Adding the question appeared to be a top priority for the commerce secretary.
Less than two weeks after taking office in 2017, Mr. Ross tasked an aide with researching whether recent censuses had asked about citizenship (they had not) and whether noncitizens were included in population counts used for redistricting (they were).
That April, at the request of Mr. Trump’s chief strategist, Stephen K. Bannon, Mr. Ross talked about the census with Kris Kobach, at the time the Kansas secretary of state and a virulent opponent of immigration. In a subsequent email, Mr. Kobach told Mr. Ross that adding a citizenship question was essential to solve “the problem that aliens who do not actually ‘reside’ in the United States are still counted for congressional apportionment.”
Mr. Ross later said he did not act on Mr. Kobach’s advice.
It was not until December that the Justice Department formally requested a citizenship question in a three-page request saying that adding the query was “critical” to getting precise enough data on noncitizens to enforce the Voting Rights Act.
In the months that followed, expert analysts there concluded that the question would deter at least 630,000 households with millions of residents from filling out the census form, and offered Mr. Ross alternatives that they said would produce much the same data. Both public comments on the proposal and the response from businesses and experts were almost uniformly opposed to adding the question.
Mr.
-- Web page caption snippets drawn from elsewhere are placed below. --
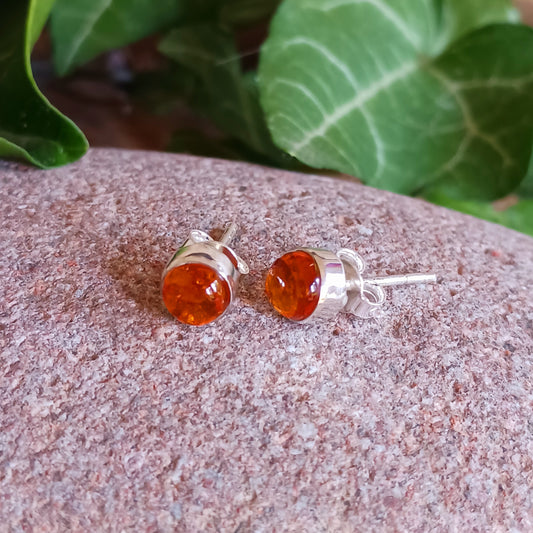 Handcrafted with beautiful large Amber gemstones, the stones are set within simple sterling silver frames, adding a modern and elegant touch to the natural centrepiece. Each Amber gemstone boasts a classic cut, with dome top and perfect polish.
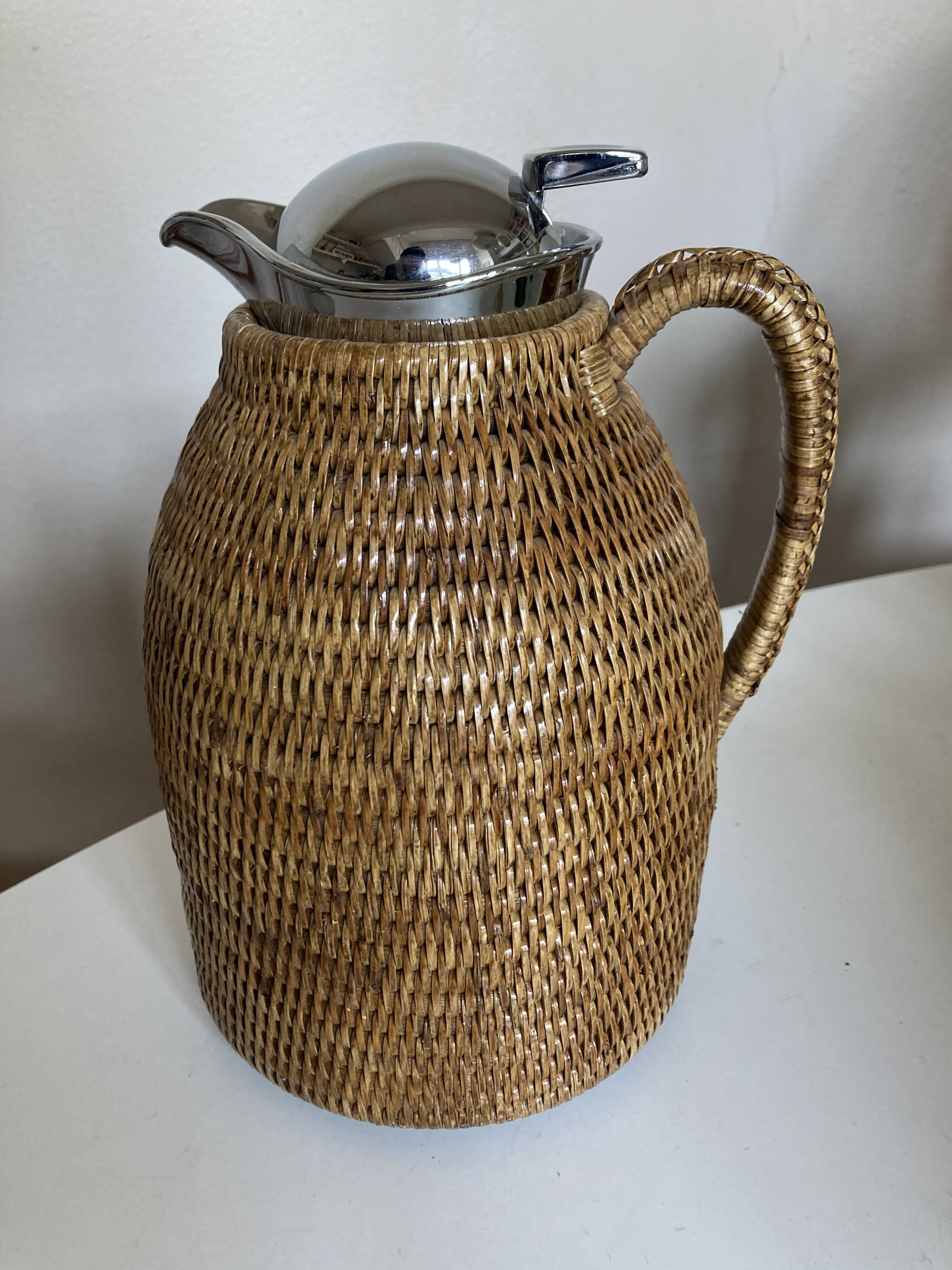 Wicker-covered thermos carafe designed by Ola Olson for Xtra 1980.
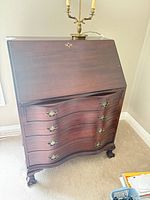 Front view of dark wood secretary desk with closed drop-front and four serpentine drawers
Ross, however, was undeterred, and the Commerce Department later said that his wooing of the Justice Department was not evidence of skulduggery, but a civics-book example of how policy is made.
“Executive branch officials discussing important issues prior to formulating policy is evidence of good government,” a spokesman, Kevin Manning, said in a statement. “Executive branch officials worked together to ensure that Secretary Ross received all of the information necessary to make an informed decision.”